Uncovering, for the first time, the role played by home users in fostering energy changes, this book explores the effects of energy transitions between the medieval and industrial era on the everyday life of Europeans and considers how cultural, social and material changes in the home facilitated the transition towards a more energy-demanding world.
This book delves deeper into the interactions between early modern consumers and the ecological constraints of the world surrounding them. Experts on specific aspects of domestic energy uses departing from different case studies in early modern Europe confront these central issues. This book therefore offers a wide range of approaches within a long-term and comparative perspective. Different 'material cultures of energy' across time and space and across different climates in Europe are explored.
Ultimately, this book aims to consider how the early modern home not just adapted to energy changes, but perhaps even prepared the way for our modern addiction to fossil energy. Energy in the Early Modern Home is the perfect resource for students and scholars of early modern Europe, premodern environmental history, the history of consumption and material culture, and the history of science and technology.

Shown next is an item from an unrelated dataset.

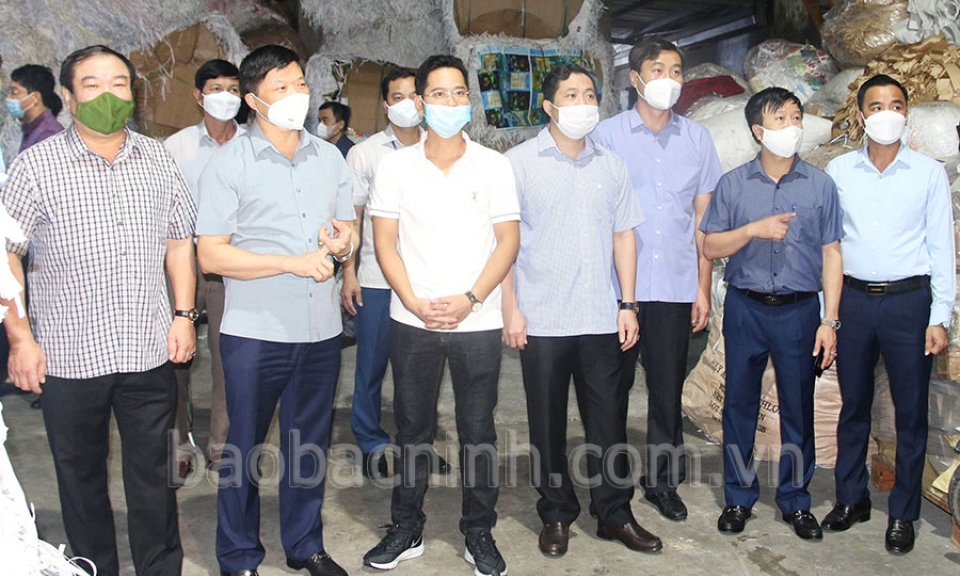 Sớm xử lý dứt điểm tình trạng ô nhiễm môi trường tại phường Phong Khê và CCN Phú Lâm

About the Author: Wout Saelens (°1993) is a postdoctoral researcher at the University of Antwerp and the Vrije Universiteit Brussel. He has a broad interest in the urban history of social inequality, material culture and ecological development from the late Middle Ages to the nineteenth century.
Bruno Blondé (°1964) is a full professor of the history department at the University of Antwerp. His major research interest include the history of economic growth and social inequality, urbanisation, and material culture and consumption in the early modern Low Countries.
Wouter Ryckbosch (°1984) is associate professor in urban history at the Vrije Universiteit Brussel, where he is also the director of the research group HOST (Historical Research into Urban Transformation Processes). His primary research interests are the history of inequality and social relations, and the application of techniques from digital humanities to history.